Was fordern die Fahrer konkret?
Neben der Rücknahme der neuen Tarife verlangen die Taxifahrer eine stärkere Regulierung der VTC-Plattformen. Fairer Wettbewerb müsse her – mit gleichen Regeln für alle. Zudem solle endlich gegen Schwarzarbeit und illegale Fahrten vorgegangen werden. Ein alter Konflikt flammt erneut auf – doch diesmal mit voller Wucht.
Gesundheitsminister Yannick Neuder zeigt sich gesprächsbereit. Noch im Juni will er sich mit den Taxiverbänden an einen Tisch setzen. Sein Ziel: Lösungen finden, die sowohl für das Gesundheitswesen als auch für die Fahrer tragbar sind.
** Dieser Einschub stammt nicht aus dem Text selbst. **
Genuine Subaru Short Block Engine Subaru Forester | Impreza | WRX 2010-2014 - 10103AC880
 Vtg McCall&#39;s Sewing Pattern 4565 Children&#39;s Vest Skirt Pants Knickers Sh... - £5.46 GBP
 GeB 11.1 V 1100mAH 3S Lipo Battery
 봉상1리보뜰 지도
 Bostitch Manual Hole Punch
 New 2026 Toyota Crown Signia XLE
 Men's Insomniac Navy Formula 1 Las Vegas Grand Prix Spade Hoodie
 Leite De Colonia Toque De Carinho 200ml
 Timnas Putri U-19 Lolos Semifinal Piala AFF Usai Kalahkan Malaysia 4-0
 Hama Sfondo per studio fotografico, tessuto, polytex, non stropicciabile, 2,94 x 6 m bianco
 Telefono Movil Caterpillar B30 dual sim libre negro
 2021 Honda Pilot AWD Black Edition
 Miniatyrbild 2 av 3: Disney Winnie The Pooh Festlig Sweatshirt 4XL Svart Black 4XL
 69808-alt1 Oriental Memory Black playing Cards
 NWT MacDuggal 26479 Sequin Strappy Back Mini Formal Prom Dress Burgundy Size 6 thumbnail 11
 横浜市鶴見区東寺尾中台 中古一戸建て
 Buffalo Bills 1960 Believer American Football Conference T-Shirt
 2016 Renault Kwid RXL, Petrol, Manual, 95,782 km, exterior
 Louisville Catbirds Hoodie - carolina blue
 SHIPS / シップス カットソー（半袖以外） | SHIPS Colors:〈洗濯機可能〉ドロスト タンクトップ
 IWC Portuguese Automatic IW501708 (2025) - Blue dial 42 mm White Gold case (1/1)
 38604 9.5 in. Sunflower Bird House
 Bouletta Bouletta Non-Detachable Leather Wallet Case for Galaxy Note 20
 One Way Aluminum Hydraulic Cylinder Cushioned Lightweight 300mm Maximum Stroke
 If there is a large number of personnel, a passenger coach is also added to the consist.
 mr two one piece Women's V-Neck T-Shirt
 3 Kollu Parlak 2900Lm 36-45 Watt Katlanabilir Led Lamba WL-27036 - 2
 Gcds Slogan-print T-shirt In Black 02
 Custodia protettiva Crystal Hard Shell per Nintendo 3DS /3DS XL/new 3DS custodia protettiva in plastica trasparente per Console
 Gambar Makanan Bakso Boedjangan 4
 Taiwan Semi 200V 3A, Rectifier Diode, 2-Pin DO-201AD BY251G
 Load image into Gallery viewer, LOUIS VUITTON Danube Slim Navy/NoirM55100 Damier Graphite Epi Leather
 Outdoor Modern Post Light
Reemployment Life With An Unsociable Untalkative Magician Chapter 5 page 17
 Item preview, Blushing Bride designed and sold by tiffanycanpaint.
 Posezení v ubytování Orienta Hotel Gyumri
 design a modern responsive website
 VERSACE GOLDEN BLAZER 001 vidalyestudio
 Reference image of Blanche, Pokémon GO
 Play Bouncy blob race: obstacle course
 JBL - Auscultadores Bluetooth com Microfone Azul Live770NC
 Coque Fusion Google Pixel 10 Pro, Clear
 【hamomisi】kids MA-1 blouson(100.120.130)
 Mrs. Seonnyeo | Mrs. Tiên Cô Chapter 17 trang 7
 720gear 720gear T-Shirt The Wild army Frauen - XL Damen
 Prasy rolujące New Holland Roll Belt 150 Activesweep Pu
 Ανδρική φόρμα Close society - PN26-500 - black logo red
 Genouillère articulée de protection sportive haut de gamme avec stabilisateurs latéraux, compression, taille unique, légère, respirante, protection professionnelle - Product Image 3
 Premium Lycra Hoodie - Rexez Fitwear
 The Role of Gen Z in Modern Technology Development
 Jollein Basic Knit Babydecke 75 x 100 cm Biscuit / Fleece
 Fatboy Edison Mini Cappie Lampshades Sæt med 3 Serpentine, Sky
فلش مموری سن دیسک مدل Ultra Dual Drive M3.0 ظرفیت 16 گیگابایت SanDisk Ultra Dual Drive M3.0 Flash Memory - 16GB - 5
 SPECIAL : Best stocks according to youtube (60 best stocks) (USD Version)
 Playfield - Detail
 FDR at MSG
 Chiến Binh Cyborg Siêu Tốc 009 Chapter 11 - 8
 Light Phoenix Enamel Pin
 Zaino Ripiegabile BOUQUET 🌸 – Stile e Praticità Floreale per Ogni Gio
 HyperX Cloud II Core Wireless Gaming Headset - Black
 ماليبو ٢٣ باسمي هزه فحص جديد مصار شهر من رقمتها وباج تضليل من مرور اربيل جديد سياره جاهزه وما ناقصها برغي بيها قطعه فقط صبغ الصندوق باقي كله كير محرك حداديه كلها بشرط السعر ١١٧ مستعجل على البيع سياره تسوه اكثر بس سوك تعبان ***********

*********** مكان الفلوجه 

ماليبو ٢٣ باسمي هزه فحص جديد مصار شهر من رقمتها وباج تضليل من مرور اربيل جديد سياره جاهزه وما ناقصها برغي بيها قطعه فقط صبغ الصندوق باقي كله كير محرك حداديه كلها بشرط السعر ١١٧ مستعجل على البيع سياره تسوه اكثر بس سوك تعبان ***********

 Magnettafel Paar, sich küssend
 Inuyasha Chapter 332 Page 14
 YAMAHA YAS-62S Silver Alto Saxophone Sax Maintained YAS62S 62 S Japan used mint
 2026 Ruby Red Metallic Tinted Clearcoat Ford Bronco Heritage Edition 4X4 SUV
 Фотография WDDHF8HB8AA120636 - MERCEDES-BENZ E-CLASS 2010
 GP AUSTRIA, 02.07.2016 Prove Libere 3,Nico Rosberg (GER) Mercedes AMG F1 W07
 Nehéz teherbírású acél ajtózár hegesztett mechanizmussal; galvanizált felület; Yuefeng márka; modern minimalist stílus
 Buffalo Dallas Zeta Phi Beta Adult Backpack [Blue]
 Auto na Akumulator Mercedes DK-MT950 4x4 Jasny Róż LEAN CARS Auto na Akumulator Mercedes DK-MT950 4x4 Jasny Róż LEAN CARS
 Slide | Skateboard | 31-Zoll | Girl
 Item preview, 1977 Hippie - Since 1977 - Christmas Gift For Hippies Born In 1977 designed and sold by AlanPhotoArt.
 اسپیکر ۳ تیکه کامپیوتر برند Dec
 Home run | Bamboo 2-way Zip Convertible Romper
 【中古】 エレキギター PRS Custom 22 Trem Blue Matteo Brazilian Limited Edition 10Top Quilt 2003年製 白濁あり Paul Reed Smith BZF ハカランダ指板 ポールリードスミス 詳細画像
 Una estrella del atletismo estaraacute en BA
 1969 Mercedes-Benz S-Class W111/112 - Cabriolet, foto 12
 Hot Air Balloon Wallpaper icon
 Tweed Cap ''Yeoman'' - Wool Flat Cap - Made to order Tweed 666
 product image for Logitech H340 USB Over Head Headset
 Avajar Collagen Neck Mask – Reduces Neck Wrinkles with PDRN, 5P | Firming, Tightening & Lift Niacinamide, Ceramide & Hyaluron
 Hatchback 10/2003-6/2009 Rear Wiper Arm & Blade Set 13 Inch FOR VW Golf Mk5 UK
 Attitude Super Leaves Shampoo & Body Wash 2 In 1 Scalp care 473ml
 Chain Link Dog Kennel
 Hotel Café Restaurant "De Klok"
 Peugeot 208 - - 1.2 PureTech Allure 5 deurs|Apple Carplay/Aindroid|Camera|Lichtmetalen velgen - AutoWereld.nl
Doch der Ton der Gewerkschaften lässt ahnen, dass es nicht bei freundlichen Gesprächen bleiben wird. Dominique Buisson von der FNDT kündigt an: Sollte es keine konkreten Fortschritte geben, werde man „das Land lahmlegen“.
Ein Bluff? Oder eine ernst gemeinte Warnung?
Leidtragende: Die ganz normalen Menschen
Während Politiker verhandeln und Verbände protestieren, bleiben die Fahrgäste auf der Strecke – im wahrsten Sinne des Wortes. Flugreisende verpassen ihre Maschinen, Krankenfahrten verzögern sich, Pendler stranden in Vororten. Die Behörden raten zur Nutzung öffentlicher Verkehrsmittel – etwa dem RER B nach Roissy oder der neuen Linie 14 zum Flughafen Orly.
Doch nicht jeder kann einfach umsteigen. Ältere, Kranke, Menschen mit eingeschränkter Mobilität – sie trifft die Situation besonders hart.
Was hier auf den Straßen geschieht, ist mehr als ein Aufschrei wegen neuer Tarifmodelle. Es ist ein Hilferuf einer Branche, die sich zunehmend unter Druck fühlt. Zwischen Digitalisierung und staatlichen Sparplänen bleibt für viele das Gefühl zurück, abgehängt zu sein. Und der Ruf nach Gerechtigkeit wird lauter – auf vier Rädern, mit Hupkonzerten und Blockaden.
Ob die Regierung das Heft des Handelns noch in die Hand bekommt?
Eines ist sicher: Ohne eine faire, nachhaltige Lösung droht die Lage weiter zu eskalieren – nicht nur in Paris, sondern landesweit.